Creating a Culture of Recognition
Tips for Showing Appreciation In-Person and Remote
Years ago when I first started at a new company, I’ll always remember the first week. It was a whirlwind, as most first weeks are. But I felt like I came in like a rockstar. I met everyone. I got more swag than I knew what to do with. They made me feel like they had an immense hole in their organization and only I could fill it as dozens of people reached out welcoming me, stopping by, congratulating me on my role. It was amazing. I felt more appreciated than most times in my career, and I had just begun.
Contrast with other first days or weeks you may have had. I recall another organization where not only did I not get any swag, but the only company-branded items you could get were from the company store. So you had to buy them yourself or stick around for a long time to get things. The recognition and appreciation within that company were similar: difficult and expensive.
We can all feel underappreciated. It is easy to feel that way at work, where we spend lots of time and energy. It can be equally easy at home, where we also spend lots of time and energy. (So while I’m focusing on work here, don’t forget to appreciate everyone around you).

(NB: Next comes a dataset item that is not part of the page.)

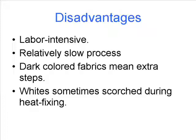Dark colored fabrics require extra steps — basically the garment has to be pre-treated and that treatment has to be heat fixed before you print on the dark colors. Whites can sometimes be scorched during heat fixing too. At the end of printing, the color has to be set by heating in a heat press, and this can sometimes cause scorching on whites.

We recorded a podcast recently about employee recognition: Recognizing Employees and Colleagues. Working remotely has made it harder in many ways to consistently recognize teammates since we’re not bumping into each other. Like most things, it takes a more concerted effort than before. So how do we do it?
First, recognizing our teammates is critical for our motivation, engagement, and satisfaction.
I once worked with an individual who was incredible. He wasn’t on my team, but it seemed like he was the go-to person for issues. I think everyone felt that way. He knew how to fix things and get things done. He was great. So it shocked me when he told us he was leaving. When we talked, he told me he just didn’t feel like enough people appreciated how much he did, especially leaders and managers.
If we don’t feel appreciated, especially by our managers, we lose our motivation and feel dissatisfied. And we eventually leave.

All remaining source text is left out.